- Opening Delimiter -

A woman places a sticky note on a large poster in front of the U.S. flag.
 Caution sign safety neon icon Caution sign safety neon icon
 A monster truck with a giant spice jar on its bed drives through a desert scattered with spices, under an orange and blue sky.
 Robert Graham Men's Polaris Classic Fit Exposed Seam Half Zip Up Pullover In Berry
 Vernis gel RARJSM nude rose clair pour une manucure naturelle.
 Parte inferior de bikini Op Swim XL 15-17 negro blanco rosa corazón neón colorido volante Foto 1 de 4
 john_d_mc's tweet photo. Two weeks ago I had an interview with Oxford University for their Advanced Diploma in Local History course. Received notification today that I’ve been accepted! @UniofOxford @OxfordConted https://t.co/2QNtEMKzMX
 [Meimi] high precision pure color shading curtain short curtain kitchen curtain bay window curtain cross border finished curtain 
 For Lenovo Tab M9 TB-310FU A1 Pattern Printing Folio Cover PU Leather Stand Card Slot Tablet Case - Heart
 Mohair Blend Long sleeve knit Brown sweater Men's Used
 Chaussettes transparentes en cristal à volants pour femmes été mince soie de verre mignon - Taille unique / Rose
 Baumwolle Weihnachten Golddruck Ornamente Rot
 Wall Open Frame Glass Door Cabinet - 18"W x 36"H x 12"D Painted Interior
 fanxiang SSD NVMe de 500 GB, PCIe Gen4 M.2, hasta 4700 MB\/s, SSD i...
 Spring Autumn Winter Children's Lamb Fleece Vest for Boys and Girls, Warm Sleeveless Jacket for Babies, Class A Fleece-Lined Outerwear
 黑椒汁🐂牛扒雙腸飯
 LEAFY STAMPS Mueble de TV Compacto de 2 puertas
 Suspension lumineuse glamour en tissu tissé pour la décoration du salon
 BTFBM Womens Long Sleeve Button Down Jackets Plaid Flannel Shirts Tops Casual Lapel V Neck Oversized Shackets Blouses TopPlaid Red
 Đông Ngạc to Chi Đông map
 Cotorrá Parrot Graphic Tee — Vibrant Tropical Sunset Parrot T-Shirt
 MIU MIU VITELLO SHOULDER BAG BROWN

- Closing Delimiter -

■ WHAT IS NEEDED: All records are to be printed again, exactly and completely.

■ RESULT BELOW:
A woman places a sticky note on a large poster in front of the U.S. flag.
 Caution sign safety neon icon Caution sign safety neon icon
 A monster truck with a giant spice jar on its bed drives through a desert scattered with spices, under an orange and blue sky.
 Robert Graham Men's Polaris Classic Fit Exposed Seam Half Zip Up Pullover In Berry
 Vernis gel RARJSM nude rose clair pour une manucure naturelle.
 Parte inferior de bikini Op Swim XL 15-17 negro blanco rosa corazón neón colorido volante Foto 1 de 4
 john_d_mc's tweet photo. Two weeks ago I had an interview with Oxford University for their Advanced Diploma in Local History course. Received notification today that I’ve been accepted! @UniofOxford @OxfordConted https://t.co/2QNtEMKzMX
 [Meimi] high precision pure color shading curtain short curtain kitchen curtain bay window curtain cross border finished curtain 
 For Lenovo Tab M9 TB-310FU A1 Pattern Printing Folio Cover PU Leather Stand Card Slot Tablet Case - Heart
 Mohair Blend Long sleeve knit Brown sweater Men's Used
 Chaussettes transparentes en cristal à volants pour femmes été mince soie de verre mignon - Taille unique / Rose
 Baumwolle Weihnachten Golddruck Ornamente Rot
 Wall Open Frame Glass Door Cabinet - 18"W x 36"H x 12"D Painted Interior
 fanxiang SSD NVMe de 500 GB, PCIe Gen4 M.2, hasta 4700 MB\/s, SSD i...
 Spring Autumn Winter Children's Lamb Fleece Vest for Boys and Girls, Warm Sleeveless Jacket for Babies, Class A Fleece-Lined Outerwear
 黑椒汁🐂牛扒雙腸飯
 LEAFY STAMPS Mueble de TV Compacto de 2 puertas
 Suspension lumineuse glamour en tissu tissé pour la décoration du salon
 BTFBM Womens Long Sleeve Button Down Jackets Plaid Flannel Shirts Tops Casual Lapel V Neck Oversized Shackets Blouses TopPlaid Red
 Đông Ngạc to Chi Đông map
 Cotorrá Parrot Graphic Tee — Vibrant Tropical Sunset Parrot T-Shirt
 MIU MIU VITELLO SHOULDER BAG BROWN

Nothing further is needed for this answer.